While the basic operational principles are the same as that of software, ML is completely new in the enterprise and presents a novel set of challenges for the governance of software, data, and the ML model itself. An even bigger problem is that most companies only recently started thinking about this, and the companies that haven’t are poised to be the ones left behind as carefully designed model pipelines and strategy open the door for the first real explosion of ML-driven value in the enterprise.

What’s Needed to Derive Value from ML

Production software and data workflows have well-defined standards and requirements for everything from API definitions to source-code management (SCM). ML in production needs to meet the same standards, but there is yet to exist a one-to-one mapping of these workflows to the ML workflow. In order to deliver value with ML, these same standards need to be met and applied within the context of the ML lifecycle.

Machine learning is novel technology, but it still lives within the context of both software and data. ML needs an analogue from the well-defined software engineering frameworks that let engineering teams deliver value instead of endlessly spinning their wheels, and value happens at the business level. Most companies know (to a degree) how to ship software. Now we need to adapt that pattern to the machine learning lifecycle and next generation of software.

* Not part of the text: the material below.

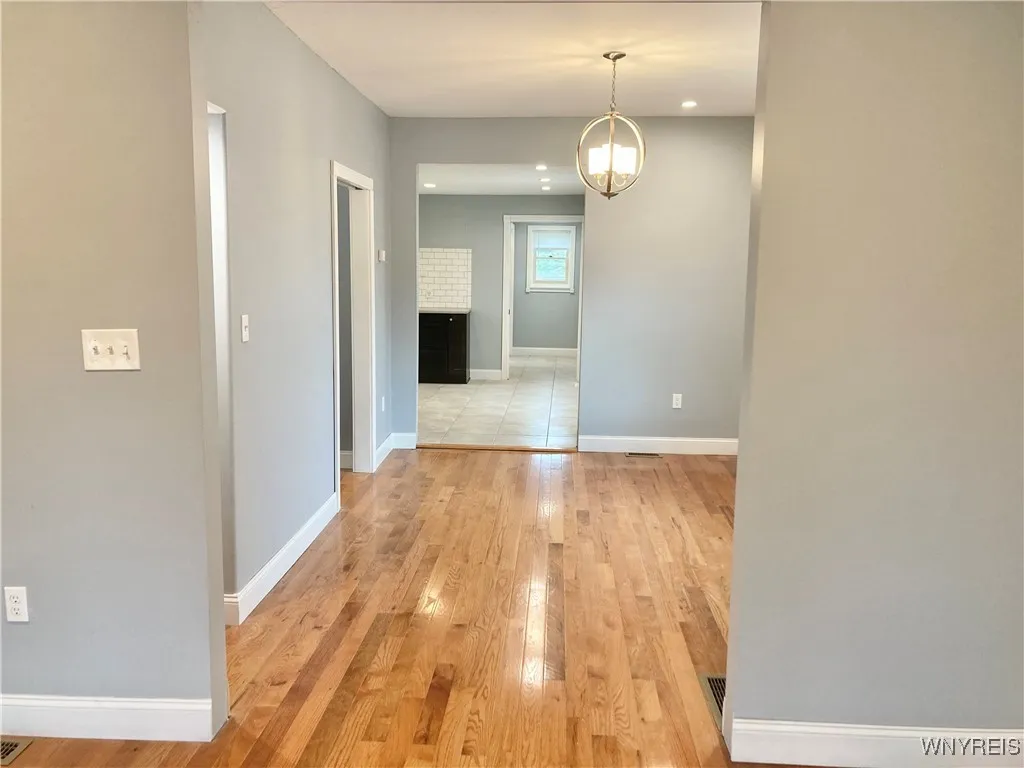 143 Cottage Street, Buffalo, New York 14201, Buffalo, New York 14201, 3 Bedrooms Bedrooms, 7 Rooms Rooms,1 BathroomBathrooms,Residential Lease,For Rent,143 Cottage Street, Buffalo, New York 14201,0,B1568014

MLOps and governance go beyond the ML model itself to the ecosystem of machine learning technology in modern business. Delivering value with ML is about looking at the true, expanded lifecycle of algorithms in the enterprise. Successful machine learning is often dependent on a successful implementation of this lifecycle.

Like software, the ML lifecycle can be abstracted into high-level stages.4 We can consider them development, delivery, and operations. Each of these stages involves different stakeholders and critical components. However, all of these stages are subject to MLOps and ML governance (Figure 1-4).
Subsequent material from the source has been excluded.